Creating models to understand reality is at the core of mathematics, as is the ability to solve problems through those models and communicate the solutions to others in a way that can be understood by anyone.

With the students in Grade 7, we explored the topic of systems of linear equations through modeling and problem-solving activities. The problem we used to trigger the process was this:

“Tom and Henry deliver newspapers for different companies. Tom gets a basic salary of $4 plus $0.5 for each newspaper delivered, and Henry gets a basic salary of $6 plus $0.4 for each newspaper delivered. Who has the better payment?”

Breaking the tradition of problems with straight forward answers, students realized that it depends on the number of newspapers delivered. Using Microsoft Excel, they modeled both pay systems and discovered the point of intersection, where both earn the same amount. They also observed how, before and after that point, the “best payment” changes depending on the company.

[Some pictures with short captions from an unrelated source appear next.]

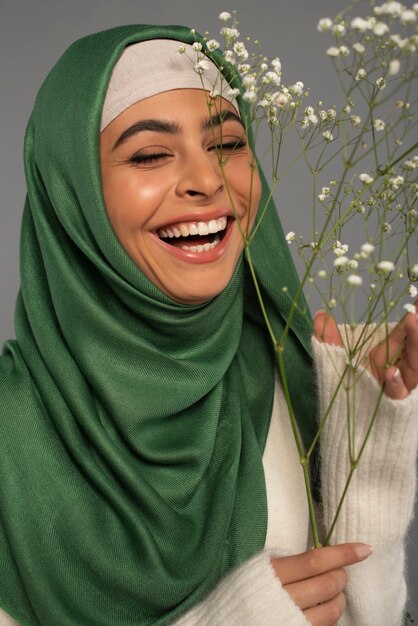 verticaal, van, vrouw, vervelend, hijab, isolated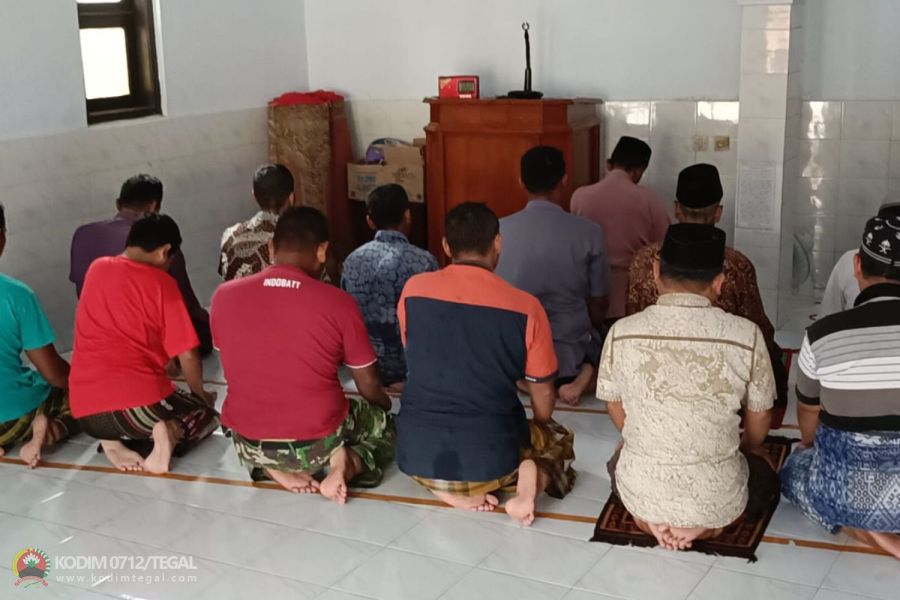 Di Tengah Padatnya Aktivitas, Satgas Tmmd Tidak Lupakan Ibadah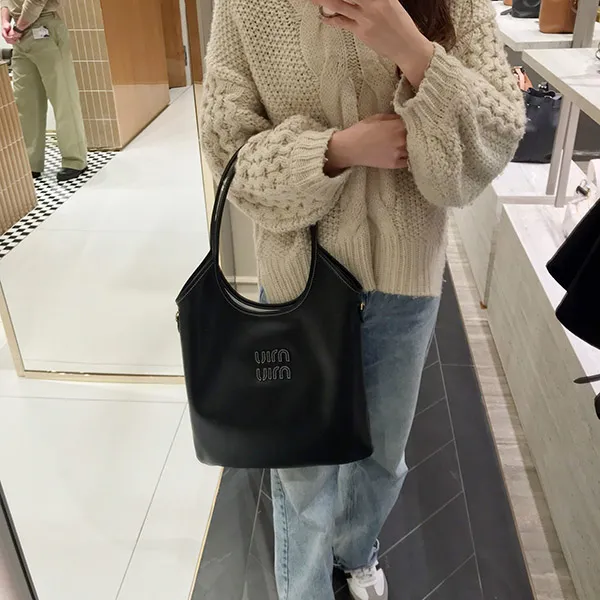 【大人気】★ミュウミュウ★IVY レザー トートバッグ 偽物♡ 5BG23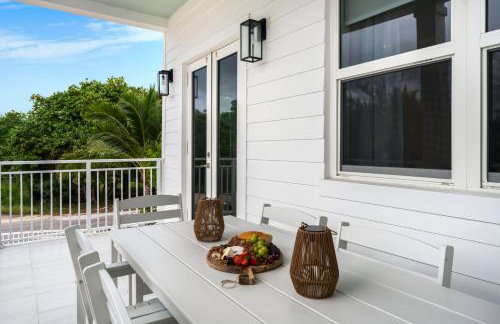 Oceanfront Oasis BBQ Patio, Free Dock, Pool and Secret Speakeasy - Foto 24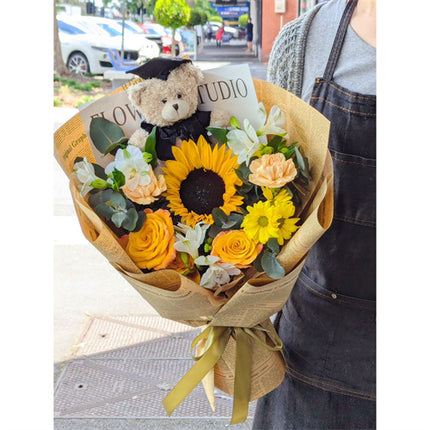 Graduation Flowers丨Yellow Seasonal Fresh Flowers & Graduation Teddy Bouquet #3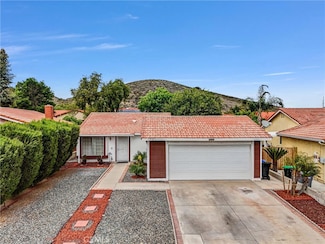 216 Broadway St, Lake Elsinore, CA 92530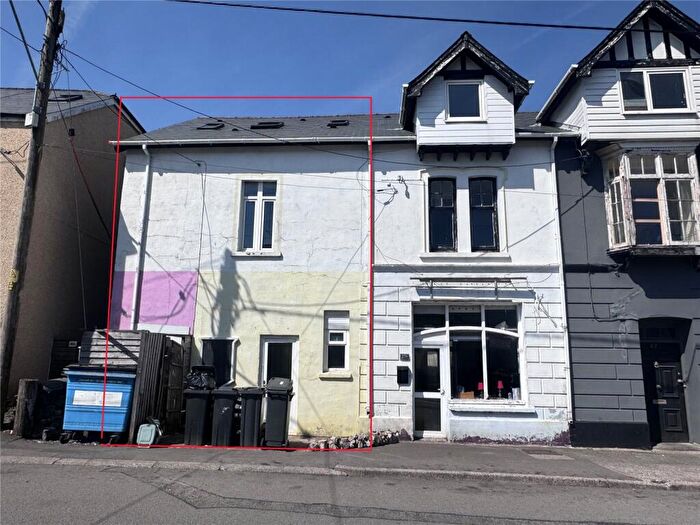 2 Bedroom End Of Terrace House For Sale In Park Street, Lower Brynamman, Ammanford, Neath Port Talbot, SA18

Later, students used the simulation at ophysics.com to explore car races, observing how velocity, acceleration, and initial position affect motion graphs.

These activities strengthened their problem-solving abilities and improved communication skills, as they explained their reasoning, compared results, and presented conclusions using mathematical language and visual representations.

Through these virtual simulations, students experimented with various racing conditions that led one car to overtake another. As they changed the acceleration and velocity values, they could identify when graphs remained linear and when they became non-linear—creating a perfect opportunity to explain the difference between linear and non-linear relationships.

Conclusion

Modeling real-life situations not only deepened students’ understanding of systems of equations but also built essential skills for lifelong learning. By connecting abstract mathematical concepts to authentic contexts, students saw math as a meaningful language for describing and explaining the world. They became more independent thinkers, better communicators, and more capable problem solvers—ready to face new challenges with logic and creativity.